75
kavenc
8y

A bit long story about language barrier.

So I worked at an Asia company. The company decided to close a Northern Europe site which was considered to have low productivity. I was sent to that site to learn and take their job back to HQ.

One day when I was there, we got an email from a developer in HQ, requesting feature changes in the software maintained by the Northern Europe site. I heard the local developers were discussing about the email in their language. I don't speak their language but I could feel that they were confusing. So I walked to them and ask if I could help. They show me the email written in English by the Asian developer in HQ. And I was surprised that even I (who speaks the same native language with HQ dev) couldn't fully understand what the mail wanted to express. So I called back to HQ and talked to the developer directly, in our native language.

Turns out, he actually tried to say a completely different thing with that was written in the email.

Until that moment, I finally know why the site was considered to have low productivity. The men in HQ just couldn't describe the requirements correctly. And sure you got false result when you give wrong requirements statements.

I was so angry and felt sorry about the developers in that closing site. They were far more talented and experienced than most my colleagues in HQ. But they were laid off only because communication errors in HQ developers.

Comments
  • 13
    I can relate to that. I've had a lot of challenges with our Asian contractors due to language. I actually traveled to China for a 3 hour meeting from Scandinavia, just to return the same day - it was worth it with a translator with me. Another issue we had was that they usually answered "yes" even if they didn't understand.

    Management will probably never really take it in.
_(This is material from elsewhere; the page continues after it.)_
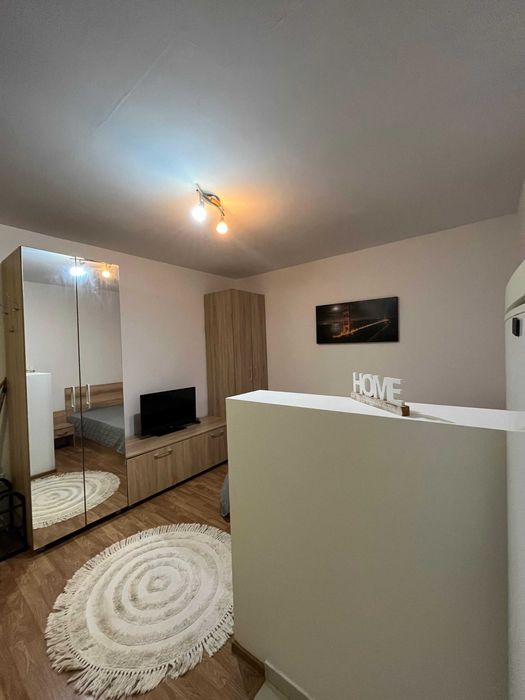 Închiriez garsonieră pe Calea Martirilor - direct de la proprietar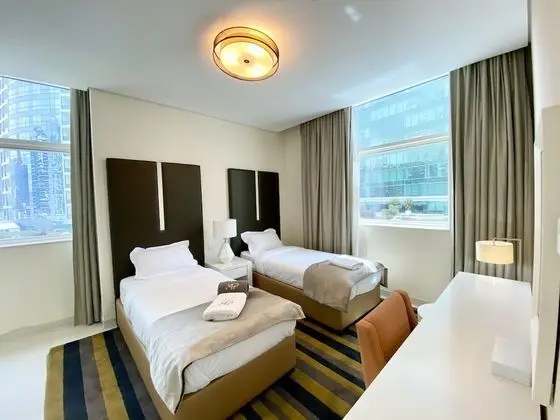Marco Polo - Luxurious Apt with Wide City Views with Spa & Pool - Oda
Our job to flag it up the pole
  • 11
    @viking8 as a norwegian, I know how you feel. Stuff that took me an hour tops before, can take upwards of 2 weeks and 30 emails with 5 different managers in India.
  • 8
    That sounds immensely frustrating. I wonder how you found prevent something like this in the future. A 'linguistic precision meter ', perhaps?
  • 0
    @viking8 At least your company is willing to pay for your business travel(they are, right?). It's very tired for you though.

    I've heard from the managers in closing site says that they ask for business travels for years but rarely be accepted.
  • 3
    @starless How do we prevent this? Well we close all foreign sites and take their jobs back to HQ like what I was doing :P. Just kidding.
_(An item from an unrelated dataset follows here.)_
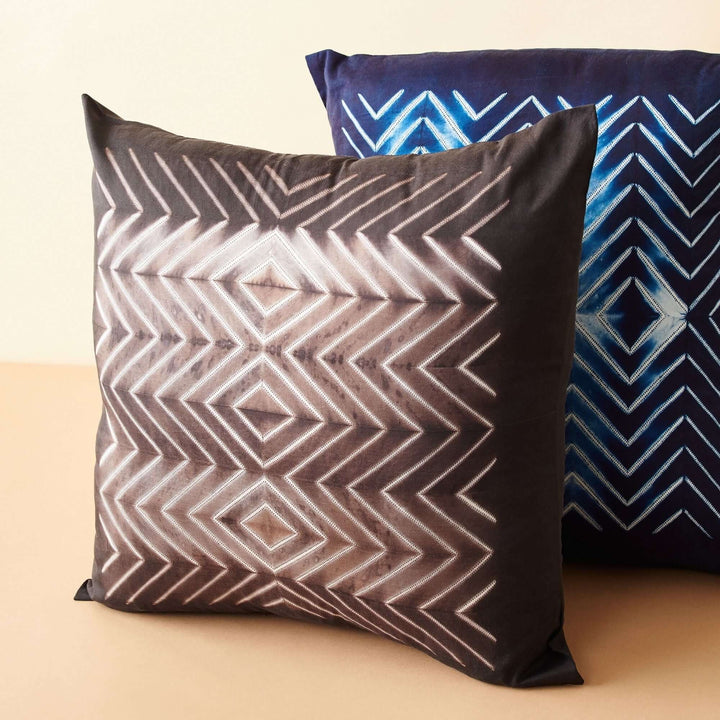 Handcrafted Shibori 60GSM Silk Throw Pillow, 20"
    We have other Scandinavia sites still running. My team is now deeply involving in the work related to them. So besides technical work, I also try to be a "translator" to make sure they are on the same track. I also try to explain to both side about why they may mis-interprete your mail and how to improve your sentences to be more accurate.

    In fact, later I found that the problem is not really about language skills. It's more about if you can do logical thinking, and if you are considering others while expressing yourselves.
  • 1
    @viking8 I've had the same problem ever since I came to Philippines. Unless you know the native language, you will probably spend hours trying to explain the project to them.

    And yes seems to be a common reply here too
  • 0
    @yusijs the confusuion goes to new depths when they say 'Yes' but mean no internally but at the same time they are waving their head side to side in weird figure 8 formation.